(RECORDED DATA begins)

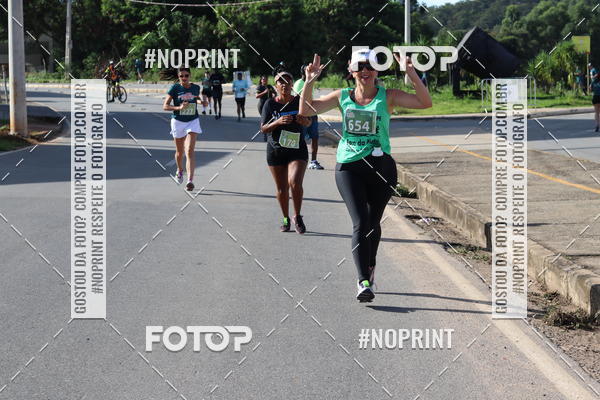 Buy your photos of the eventCORRIDA POR MAIS SADE on Fotop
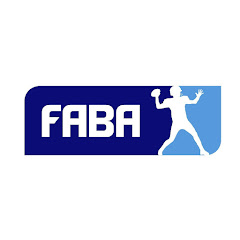 Football Americano Buenos Aires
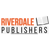 Riverdale Publishers Logo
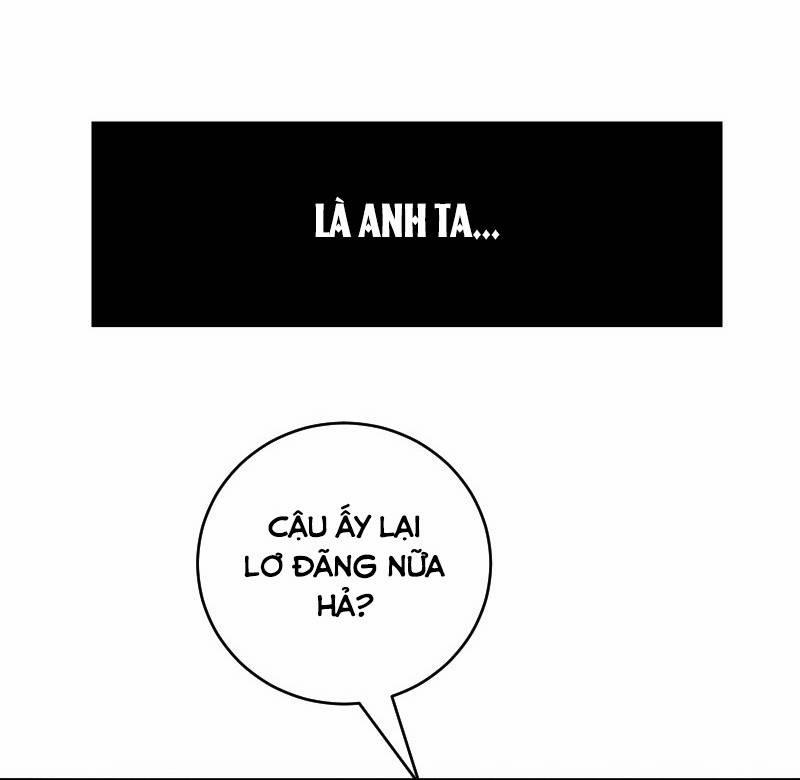 Tôi Đang Hẹn Hò Với Anh Chàng Điên Loạn 1 trang 36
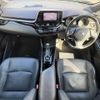 toyota c-hr 2017 CFJ1844381 image 2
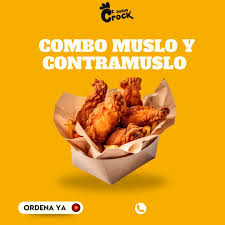 muslo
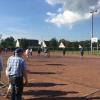 Petanque (2)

(RECORDED DATA ends)

_EXERCISE INSTRUCTIONS_. Exactly the lines from the one containing "toyota c-hr 2017 CFJ1844381 image 2" through the last line of the data above should be output, both ends included, with every picture left out.

_ANSWER BOX_.
 toyota c-hr 2017 CFJ1844381 image 2
 muslo
 Petanque (2)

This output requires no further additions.